General Sir Bryan Mahon, in his appreciative reference at the Corinthian Club dinner in Dublin, to the Irish soldiers who had gone to the front, and in his polite and perhaps politic statement that the Irish had recruited to the last man, is acclaimed by Irish Nationalists as putting at rest all ground of complaint about Nationalist recruiting. It may put everything to rest but the facts. Politeness often ignores facts.

It is understood that Mr. O'Brien Moran, a Limerick solicitor, who is under detention in Arbour Hill Barracks, Dublin, because he refused to state the source of his information or explain his possession of a confidential document purporting to be the secret instructions given to the police, and which he used as evidence in a case at Petty Sessions at Limerick, will be tried by court-martial on a charge of having published in open court a secret and confidential document.
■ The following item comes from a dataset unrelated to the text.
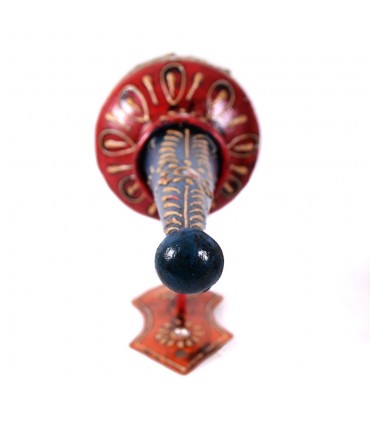 Pintados - velas - 24 cm aplicado à mão - Multicolor - tocha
The death has taken place at the Parochial House, Donaghmore, Co. Tyrone, of the Rev. Canon John Joseph M'Cartan, parish priest. Born near Ready, Co. Armagh, in the year 1842, he was educated at Maynooth College, where he was a class-fellow of Cardinal Logue. He was ordained in the year 1864, since when he had officiated in the County Tyrone. Canon M'Cartan took a keen interest in agriculture, and was an advocate of improved methods of farming in Ireland. He was a strong supporter of the Nationalist movement.
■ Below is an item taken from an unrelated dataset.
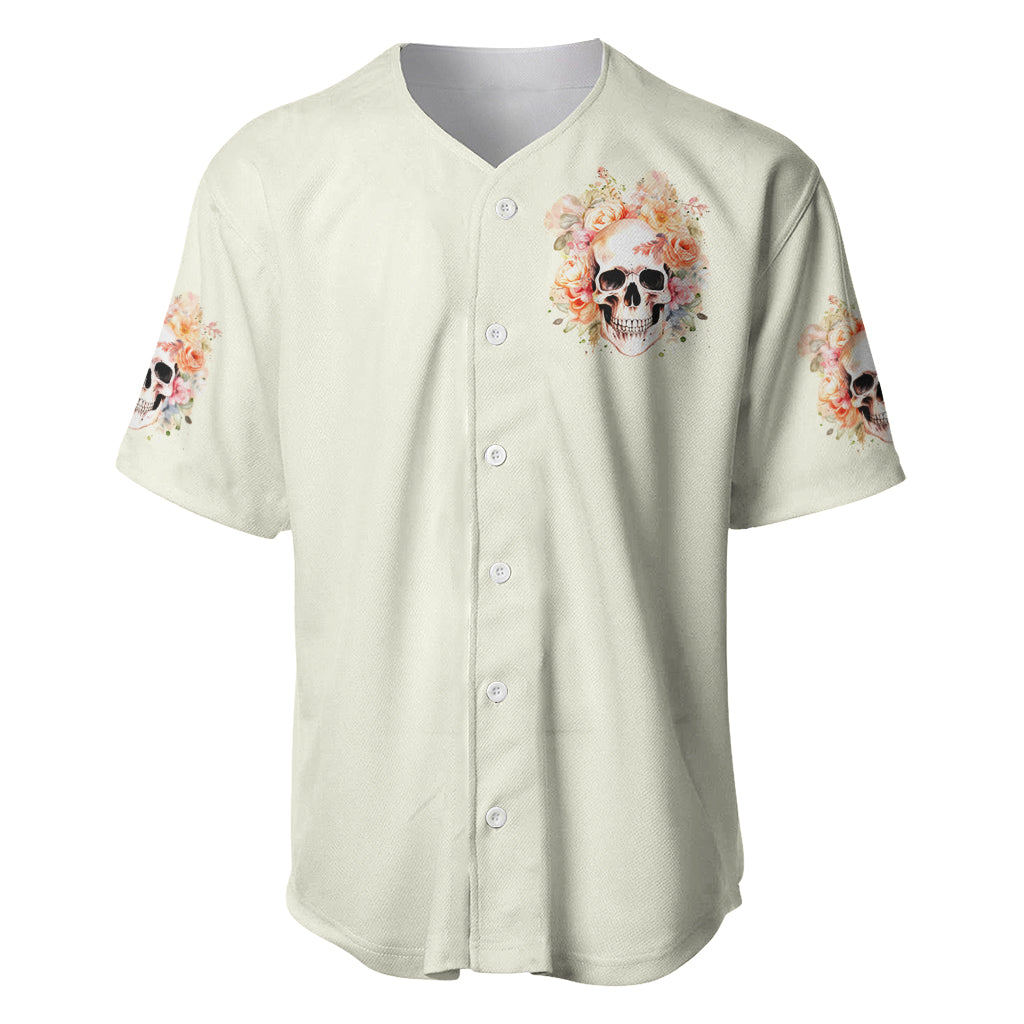 Rose Skull The Good Girl In Me Baseball Jersey Rose Skull The Good Girl In Me Baseball Jersey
There died at her residence, Ballynahinch, on Saturday, Mrs. Hamilton M'Connell, wife of Mr. Hamilton M'Connell, merchant, of that town. Mr. M'Connell is an elder in Second Presbyterian Church, Ballynahinch, and is much respected in the town. His wife was of a gentle, retiring disposition, much beloved by all who knew her. Her family were her chief care and delight, and she had little time for outside affairs. Rev. Thomas M'Connell, B.A., Second Comber, is the eldest son. Captain the Rev. W. P. M'Connell, B.A., C.F., senior chaplain at Military Convalescent Hospital, Epsom, is the second son. The eldest daughter is Nursing Sister Rae M'Connell, No. 3 Canadian General Hospital, Boulogne. Of the other children Trooper H. M'Connell, North Irish Horse, has just returned home after eighteen months' service at the front, having been recommended for a commission. Considering the fact that Captain M'Connell spent last winter with the Salonica forces, returning home invalided, and that the above three were in Canada at the outbreak of the war, it was especially gratifying to this devoted mother to have them all home with her at the last, including the other members of the family, Nurse Jenny, Miss Sarah (engaged in Harland & Wolff's), Isabel, and Bob. Much sympathy is felt with the sorrowing relatives.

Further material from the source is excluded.